Here is a worked example of how to produce a series of maps that show the distribution of crime for London.

To make our lives easier we can focus on Camden:

Do particular crime types appear to cluster together?
Are they related to demographic data?

First download the crime data from the data.police.uk website. In this case we are going to tick the “Metropolitan Police” box and then “July” in both the date range dropdowns to get one month of data. Unzip the CSV and place it in a convenient directory.

Now load in packages we need, set the working directory and load in the data. All the steps can be repeated for the December data too.

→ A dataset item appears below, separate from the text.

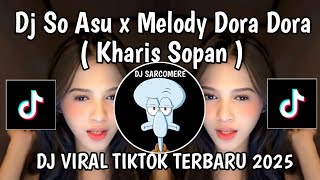 Download lagu DJ SO ASU X MELODY DORA DORA KHARIS SOPAN || DJ WAKTU DITINGGALIN KU NGGAK MAU KALAH VIRAL TIKTOK mp3 Download lagu DJ SO ASU X MELODY DORA DORA KHARIS SOPAN || DJ WAKTU DITINGGALIN KU NGGAK MAU KALAH VIRAL TIKTOK mp3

library(rgdal) # remember tick box may be better
library(sf)

police_data<- read.csv("worksheet_data/2023-07-metropolitan-street.csv")

The next step is to extract only those crimes occurring in Camden. We can us the grepl function for this. This will scan down the rows of a column we specify and extract those that contain a particular word or phrase. In our case we’re looking for Camden so the code is grepl('Camden', police_data$LSOA.name). If you run this on its own you will get a vector that contains TRUE or FALSE to indicate each row with the word. We can combine this step with the usual [ ] to select only the rows that are returned TRUE.

police_data<- police_data[grepl('Camden', police_data$LSOA.name),]

Note how police_data has fewer rows in it. If you type head(police_data) you should see only Camden is present. You should also see a number of columns and recognise what some of them are for.

head(police_data)

##       Crime.ID   Month                 Reported.by                Falls.within
## 13372          2023-07 Metropolitan Police Service Metropolitan Police Service
## 13373          2023-07 Metropolitan Police Service Metropolitan Police Service
## 13374          2023-07 Metropolitan Police Service Metropolitan Police Service
## 13375          2023-07 Metropolitan Police Service Metropolitan Police Service
## 13376          2023-07 Metropolitan Police Service Metropolitan Police Service
## 13377          2023-07 Metropolitan Police Service Metropolitan Police Service
##       Longitude Latitude                    Location LSOA.code   LSOA.name
## 13372 -0.142534 51.56451    On or near Raydon Street E01000907 Camden 001A
## 13373 -0.142623 51.56410   On or near Balmore Street E01000907 Camden 001A
## 13374 -0.142478 51.56305 On or near Winscombe Street E01000907 Camden 001A
## 13375 -0.142623 51.56410   On or near Balmore Street E01000907 Camden 001A
## 13376 -0.142534 51.56451    On or near Raydon Street E01000907 Camden 001A
## 13377 -0.142534 51.56451    On or near Raydon Street E01000907 Camden 001A
##                  Crime.type Last.outcome.category Context
## 13372 Anti-social behaviour                            NA
## 13373 Anti-social behaviour                            NA
## 13374 Anti-social behaviour                            NA
## 13375 Anti-social behaviour                            NA
## 13376 Anti-social behaviour                            NA
## 13377 Anti-social behaviour                            NA

Our priority here are the latitude and longitude columns in order that we can create a dot map. It is worth noticing, however, that some locations have had more than one crime occur. If we did a plot of these they would appear on top of one another so its better to aggregate these to create a data frame that has the number of crimes of each type by location. To do this we need to use the aggregate() function on the Longitude, Latitude, LSOA.code (this will be useful later), and Crime.type columns.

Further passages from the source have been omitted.